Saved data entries
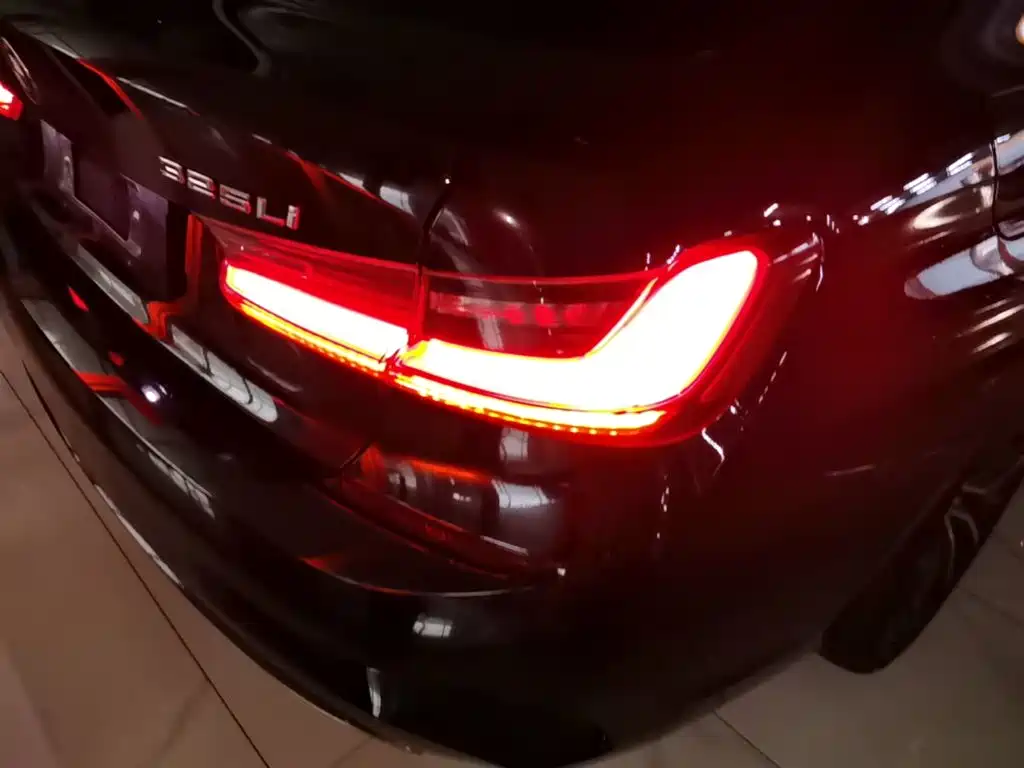 BMW 3 Series — миниатюра 8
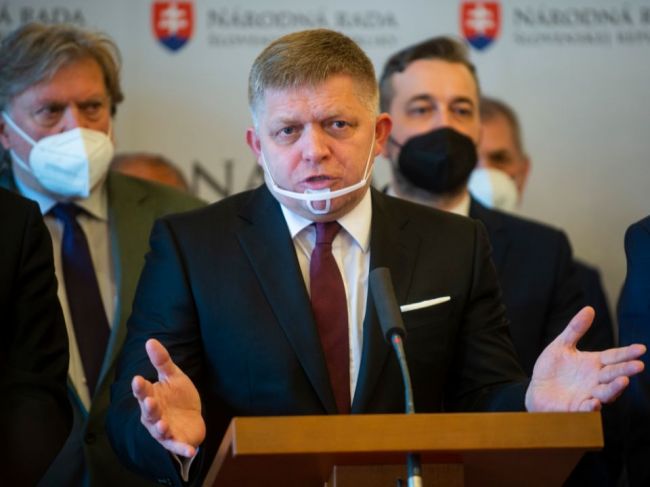 Fico: Premiér nie je spôsobilý na funkciu, Kolíkovú sme navrhli odvolať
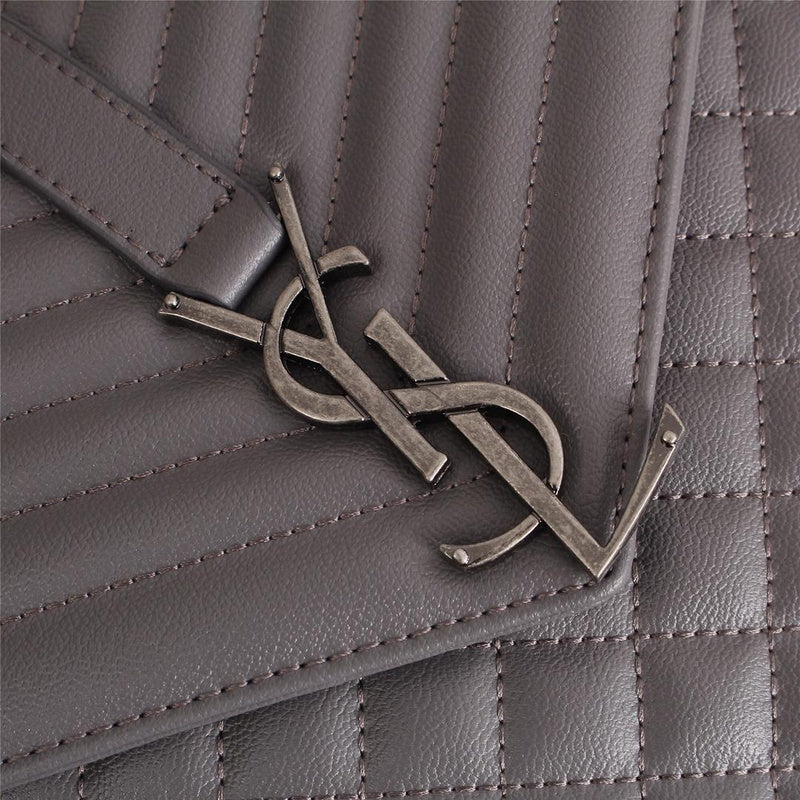 Amelia - YSL Bag - 2802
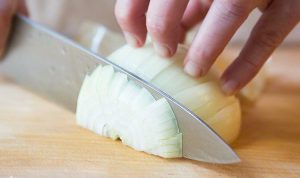 how-to-chop-onion-800-dm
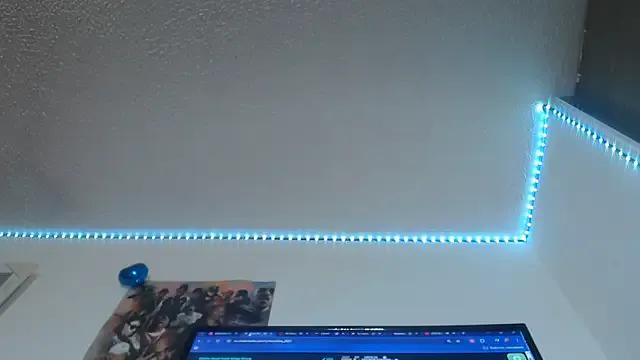 Freechat lorenitha_20 on StripChat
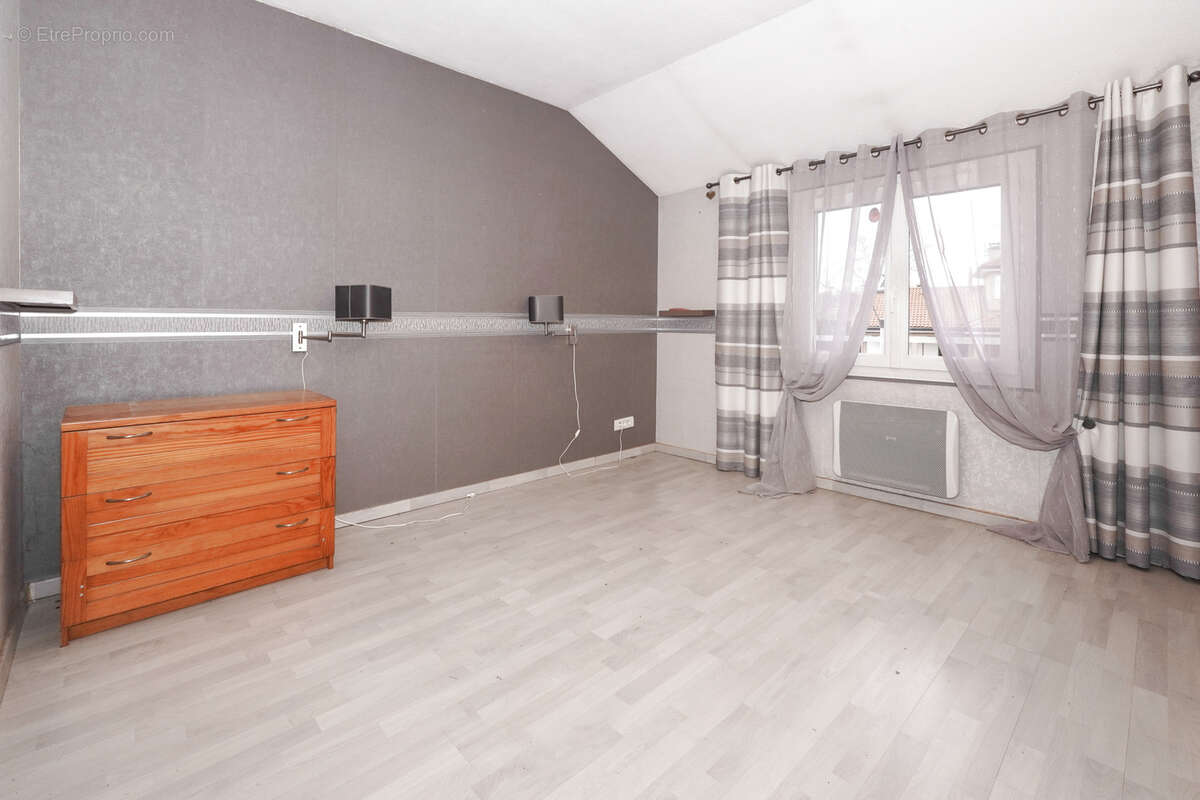 Maison à PONT-DU-CHATEAU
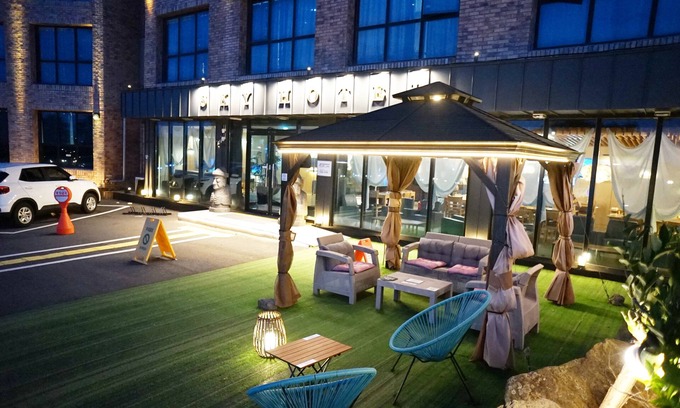 Hallim Hotel | Sky Hotel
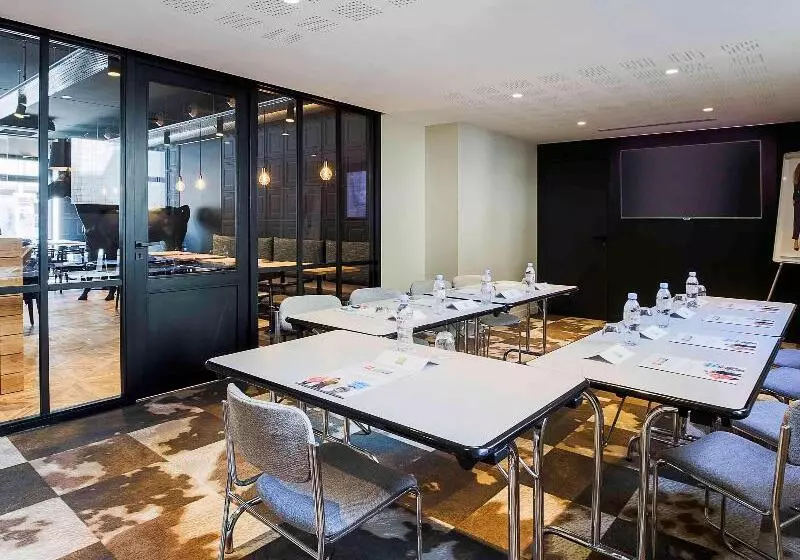 Hotel Ibis Styles Laval Centre Gare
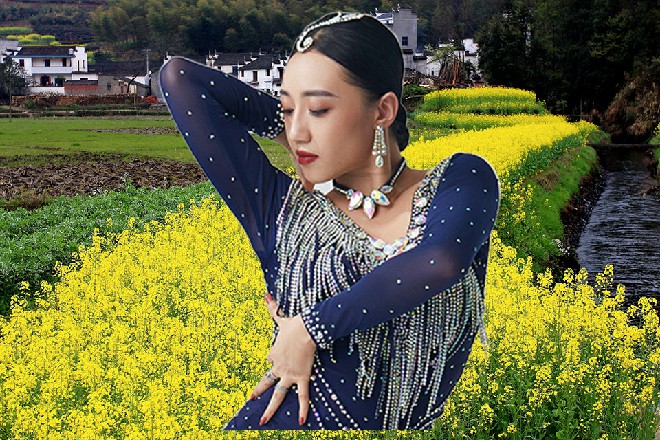 在摄像机的拍摄下，大家也可以通过屏幕，看到了文化广场四周大街小巷的场景。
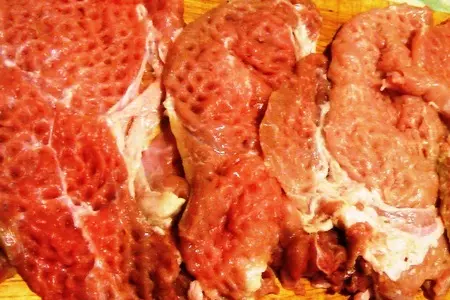 Свиные рулетики с тушенной капустой: шаг 1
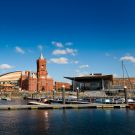 CARDIFF PAR LA TERRE ET DEPUIS LES EAUX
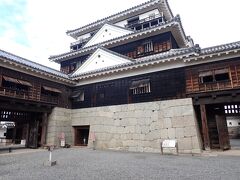 とはいえ・・
そのおかげで数少ない江戸の連立式天守が見られることに感謝です。
日本で最後の城郭建築。
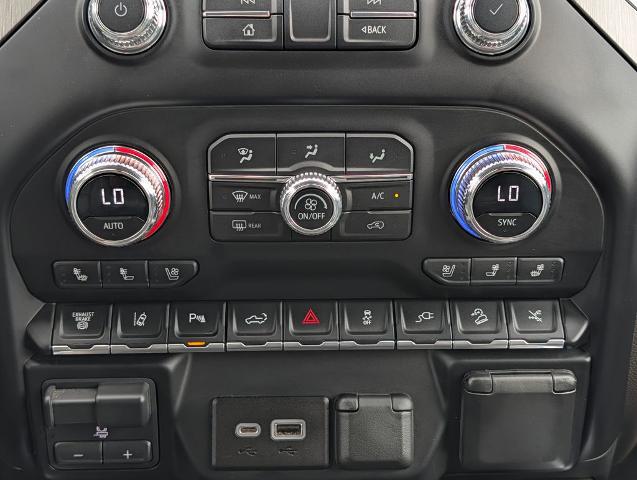 2023 GMC Sierra 2500HD 4WD Crew Cab Standard Bed Denali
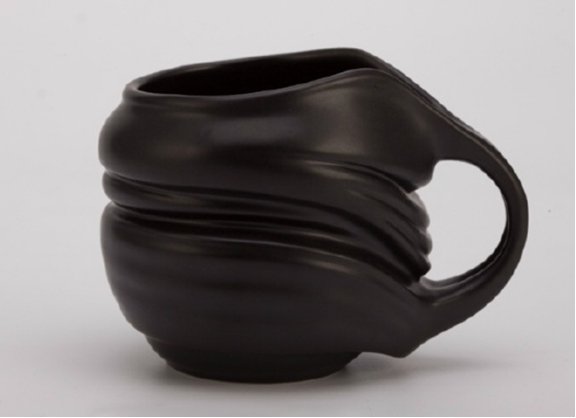 3D打印而成的杯子 新手選擇3D打印手板模型加工打樣還是CNC加工?選擇當(dāng)?shù)剡€是全國3D打印公司?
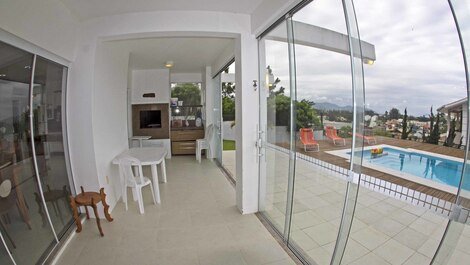 High standard holiday home for up to 10 people in Panorânico in Garopaba
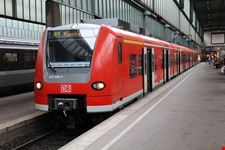 stuttgart hauptbahnhof in stuttgart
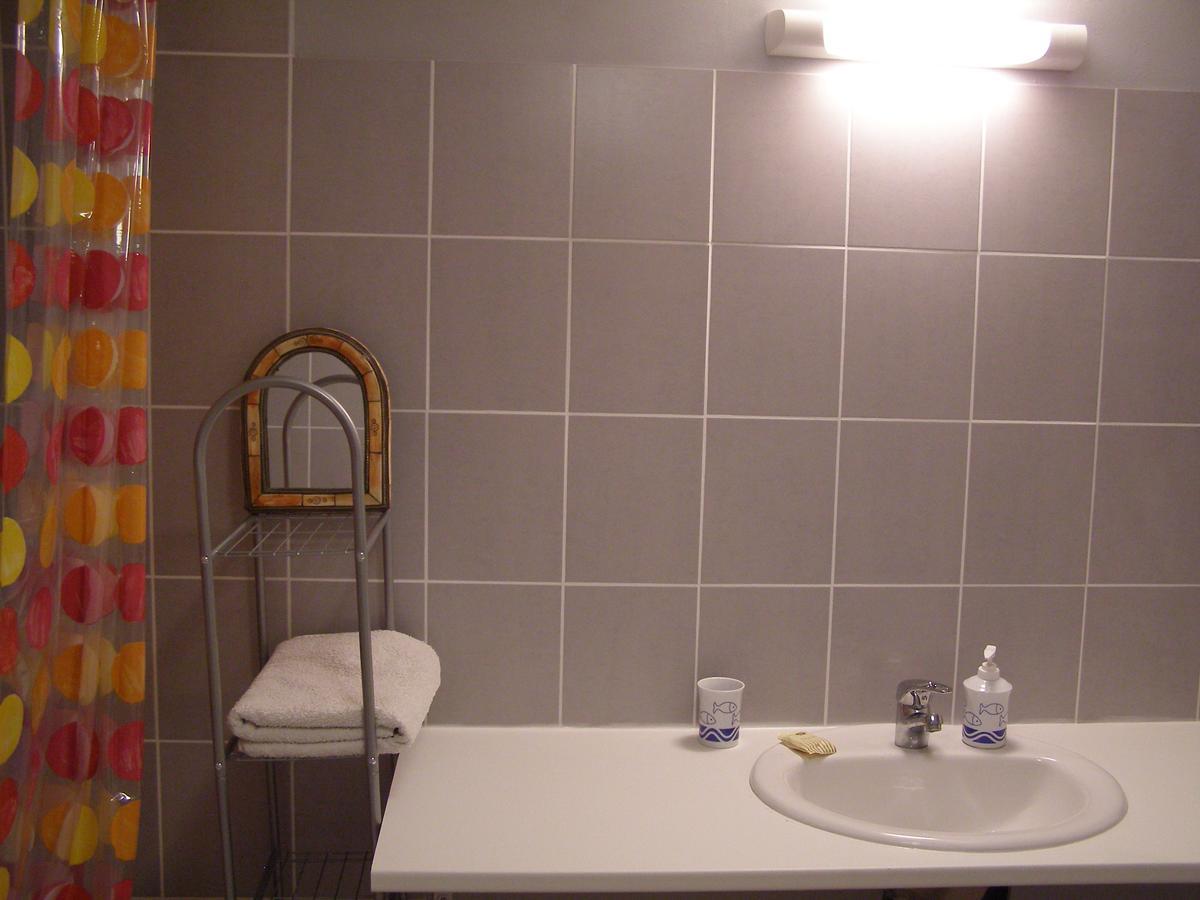 Le Bord De L'Eau Bed & Breakfast Sainte-Terre Exterior foto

The problem: Set the lines above down again, word for word, from the first through the one containing "Свиные рулетики с тушенной капустой: шаг 1"; pictures excluded.

Result for this task:
 BMW 3 Series — миниатюра 8
 Fico: Premiér nie je spôsobilý na funkciu, Kolíkovú sme navrhli odvolať
 Amelia - YSL Bag - 2802
 how-to-chop-onion-800-dm
 Freechat lorenitha_20 on StripChat
 Maison à PONT-DU-CHATEAU
 Hallim Hotel | Sky Hotel
 Hotel Ibis Styles Laval Centre Gare
 在摄像机的拍摄下，大家也可以通过屏幕，看到了文化广场四周大街小巷的场景。
 Свиные рулетики с тушенной капустой: шаг 1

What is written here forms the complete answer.